Para o IVEPESP – Instituto para a Valorização da Educação e da Pesquisa no Estado de São Paulo, esse tema também se conecta com a necessidade de ampliar a compreensão do impacto social das universidades brasileiras. Nesse sentido, a proposta de criação de um Observatório do Ensino Superior, iniciativa defendida pelo instituto, poderá contribuir para analisar de forma sistemática indicadores relacionados não apenas ao ensino e à pesquisa, mas também ao impacto cultural e social das instituições universitárias.
A valorização da cultura e da extensão também possui dimensão estratégica internacional.
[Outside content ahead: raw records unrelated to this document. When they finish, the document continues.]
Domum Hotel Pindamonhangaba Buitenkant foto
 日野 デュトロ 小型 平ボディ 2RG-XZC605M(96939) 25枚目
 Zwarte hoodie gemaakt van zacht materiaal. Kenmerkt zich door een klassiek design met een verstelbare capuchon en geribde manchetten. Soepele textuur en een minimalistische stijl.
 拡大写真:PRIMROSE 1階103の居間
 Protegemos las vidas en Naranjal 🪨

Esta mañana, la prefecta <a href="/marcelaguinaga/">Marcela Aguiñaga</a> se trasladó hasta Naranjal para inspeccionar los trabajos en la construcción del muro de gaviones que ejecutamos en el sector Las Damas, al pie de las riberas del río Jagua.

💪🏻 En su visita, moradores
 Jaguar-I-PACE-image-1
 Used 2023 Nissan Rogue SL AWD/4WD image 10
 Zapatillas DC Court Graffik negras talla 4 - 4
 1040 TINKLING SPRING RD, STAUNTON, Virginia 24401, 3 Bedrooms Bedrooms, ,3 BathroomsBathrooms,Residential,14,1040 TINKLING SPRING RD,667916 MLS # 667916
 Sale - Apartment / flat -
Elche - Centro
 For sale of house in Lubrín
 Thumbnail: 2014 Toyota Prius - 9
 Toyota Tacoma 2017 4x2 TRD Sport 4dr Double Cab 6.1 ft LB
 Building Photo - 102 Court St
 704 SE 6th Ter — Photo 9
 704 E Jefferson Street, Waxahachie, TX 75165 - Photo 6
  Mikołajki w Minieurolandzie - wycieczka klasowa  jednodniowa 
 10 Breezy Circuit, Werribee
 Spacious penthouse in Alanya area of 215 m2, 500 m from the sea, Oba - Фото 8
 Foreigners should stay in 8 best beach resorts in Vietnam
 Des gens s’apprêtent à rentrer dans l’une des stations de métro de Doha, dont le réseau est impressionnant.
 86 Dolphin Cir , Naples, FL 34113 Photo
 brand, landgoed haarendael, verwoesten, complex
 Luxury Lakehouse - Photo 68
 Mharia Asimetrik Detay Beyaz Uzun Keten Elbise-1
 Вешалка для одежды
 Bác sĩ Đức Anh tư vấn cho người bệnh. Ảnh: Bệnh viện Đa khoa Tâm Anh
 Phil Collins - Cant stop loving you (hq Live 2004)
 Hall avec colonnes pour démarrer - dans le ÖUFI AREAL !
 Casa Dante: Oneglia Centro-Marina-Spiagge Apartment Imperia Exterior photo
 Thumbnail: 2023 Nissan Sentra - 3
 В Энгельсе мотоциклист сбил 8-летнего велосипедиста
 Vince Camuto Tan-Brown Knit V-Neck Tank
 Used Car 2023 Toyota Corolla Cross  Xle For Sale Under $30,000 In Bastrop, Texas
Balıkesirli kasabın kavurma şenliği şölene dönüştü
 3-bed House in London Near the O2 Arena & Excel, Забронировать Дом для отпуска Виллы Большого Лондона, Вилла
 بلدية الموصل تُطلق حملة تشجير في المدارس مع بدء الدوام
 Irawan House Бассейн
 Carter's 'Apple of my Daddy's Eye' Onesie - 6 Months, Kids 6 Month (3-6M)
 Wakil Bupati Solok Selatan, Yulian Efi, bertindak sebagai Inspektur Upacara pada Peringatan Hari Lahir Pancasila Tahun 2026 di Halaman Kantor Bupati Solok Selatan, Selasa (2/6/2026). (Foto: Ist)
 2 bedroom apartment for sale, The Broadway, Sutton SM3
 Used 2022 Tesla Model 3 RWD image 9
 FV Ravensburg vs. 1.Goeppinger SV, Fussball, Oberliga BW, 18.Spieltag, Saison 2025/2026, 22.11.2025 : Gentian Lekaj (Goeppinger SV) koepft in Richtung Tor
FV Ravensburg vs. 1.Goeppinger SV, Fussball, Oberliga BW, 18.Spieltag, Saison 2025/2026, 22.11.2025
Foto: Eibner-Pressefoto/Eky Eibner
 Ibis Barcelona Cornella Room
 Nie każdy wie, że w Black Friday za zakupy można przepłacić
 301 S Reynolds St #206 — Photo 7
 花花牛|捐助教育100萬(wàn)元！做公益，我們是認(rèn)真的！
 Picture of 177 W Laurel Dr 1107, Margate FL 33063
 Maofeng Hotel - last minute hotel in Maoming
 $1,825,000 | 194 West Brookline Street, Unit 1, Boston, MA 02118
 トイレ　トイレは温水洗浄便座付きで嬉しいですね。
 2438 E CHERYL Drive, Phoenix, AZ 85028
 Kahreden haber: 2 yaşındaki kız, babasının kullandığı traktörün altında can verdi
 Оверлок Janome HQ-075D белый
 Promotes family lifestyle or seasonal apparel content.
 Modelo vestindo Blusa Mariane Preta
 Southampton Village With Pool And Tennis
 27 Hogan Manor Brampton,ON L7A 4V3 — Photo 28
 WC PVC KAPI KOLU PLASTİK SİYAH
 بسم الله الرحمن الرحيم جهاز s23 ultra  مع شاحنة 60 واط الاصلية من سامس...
Universidades que mantêm forte presença cultural e programas robustos de difusão científica ampliam sua visibilidade global e contribuem para o fortalecimento do chamado soft power científico e cultural, reforçando a diplomacia científica e a cooperação internacional.
Diante desse cenário, o IVEPESP considera fundamental fortalecer as políticas de cultura e extensão como parte integrante de uma estratégia nacional de valorização do ensino superior.
Recomendações do IVEPESP
1. Reconhecimento da cultura e extensão como terceiro eixo da universidade
Os sistemas de avaliação institucional devem incorporar de forma explícita o impacto social das atividades de cultura e extensão, garantindo maior reconhecimento dessas ações nas políticas acadêmicas e na progressão das carreiras universitárias.
2. Desenvolvimento de métricas de impacto social das universidades
O país precisa desenvolver metodologias capazes de medir de forma sistemática o impacto social, cultural e educacional das universidades, incluindo indicadores relacionados à difusão científica e à interação com a sociedade.
3. Ampliação da infraestrutura cultural e científica universitária
Museus universitários, centros de ciência, espaços de inovação e programas de divulgação científica devem ser fortalecidos como parte da infraestrutura científica e cultural do país.
4. Integração entre ensino, pesquisa e extensão
Projetos acadêmicos devem estimular maior integração entre essas três dimensões, permitindo que atividades de ensino e pesquisa gerem desdobramentos diretos em iniciativas de impacto social.
5. Inserção internacional e diplomacia científica
Programas de cultura e extensão podem contribuir para ampliar a presença internacional das universidades brasileiras, reforçando a diplomacia científica e a cooperação cultural.
O IVEPESP entende que fortalecer a cultura e a extensão universitária significa ampliar o impacto social da ciência, democratizar o acesso ao conhecimento e consolidar o papel das universidades como instituições centrais para o desenvolvimento científico, cultural e tecnológico do país.
Em um cenário global marcado por rápidas transformações científicas e tecnológicas, consolidar essa interface entre universidade e sociedade é condição essencial para promover inovação, cidadania científica e desenvolvimento sustentável.